--- Excerpted records ---

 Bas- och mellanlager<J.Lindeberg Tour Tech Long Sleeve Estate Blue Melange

---
--- Excerpted records ---

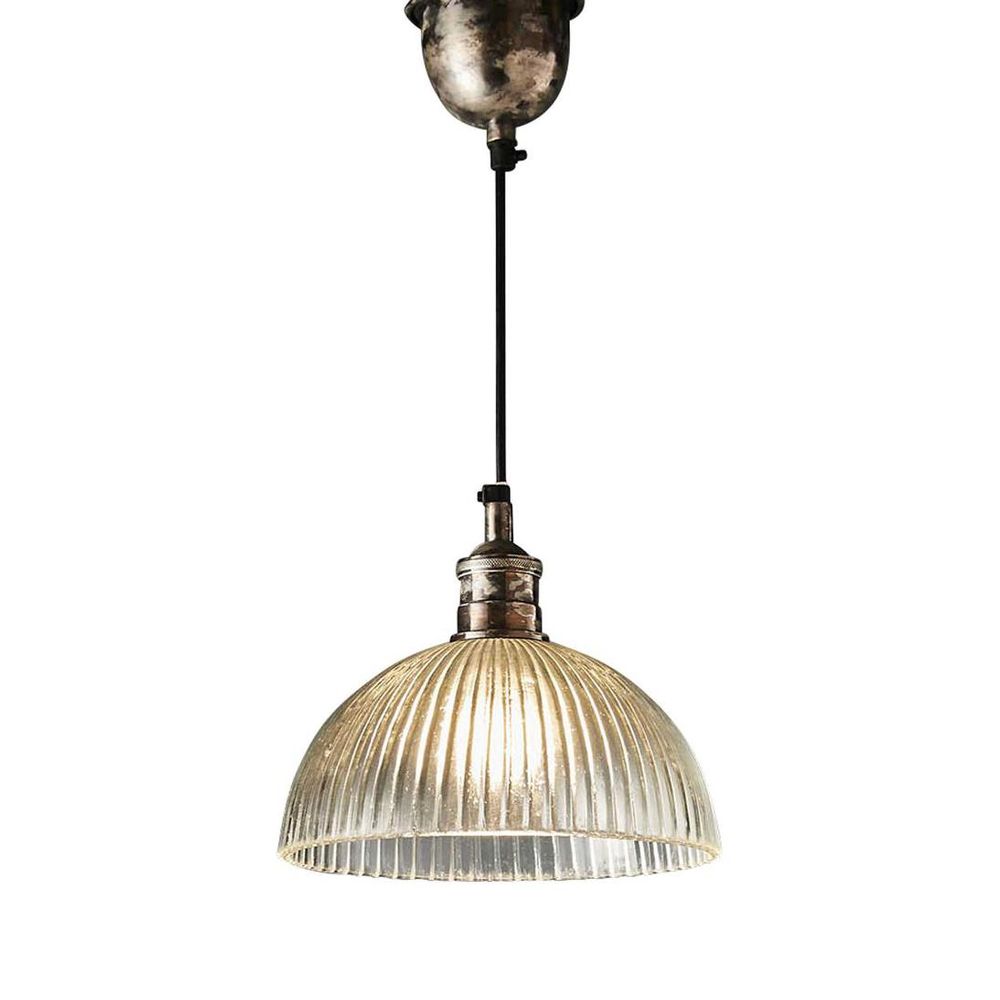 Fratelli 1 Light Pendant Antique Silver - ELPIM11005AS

---
--- Excerpted records ---

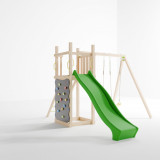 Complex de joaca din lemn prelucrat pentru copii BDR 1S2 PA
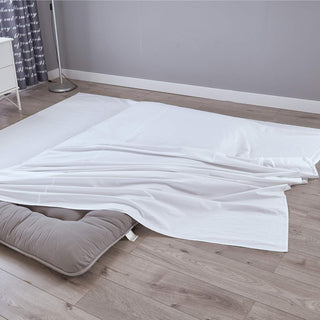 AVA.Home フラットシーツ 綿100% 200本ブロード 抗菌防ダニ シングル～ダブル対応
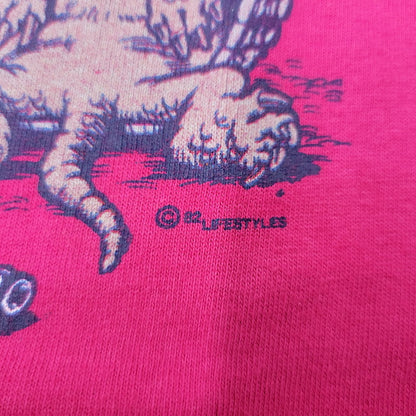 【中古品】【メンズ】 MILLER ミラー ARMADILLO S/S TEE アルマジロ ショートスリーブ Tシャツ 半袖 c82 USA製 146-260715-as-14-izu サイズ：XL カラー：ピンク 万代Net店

---

• Task to complete:
What you need to produce is an exact copy of the entries above, limited to the lines from the one with "AVA.Home フラットシーツ 綿100%" up to and including the one with "サイズ：XL カラー：ピンク 万代Net店", without pictures.

• Task response:
 AVA.Home フラットシーツ 綿100% 200本ブロード 抗菌防ダニ シングル～ダブル対応
 【中古品】【メンズ】 MILLER ミラー ARMADILLO S/S TEE アルマジロ ショートスリーブ Tシャツ 半袖 c82 USA製 146-260715-as-14-izu サイズ：XL カラー：ピンク 万代Net店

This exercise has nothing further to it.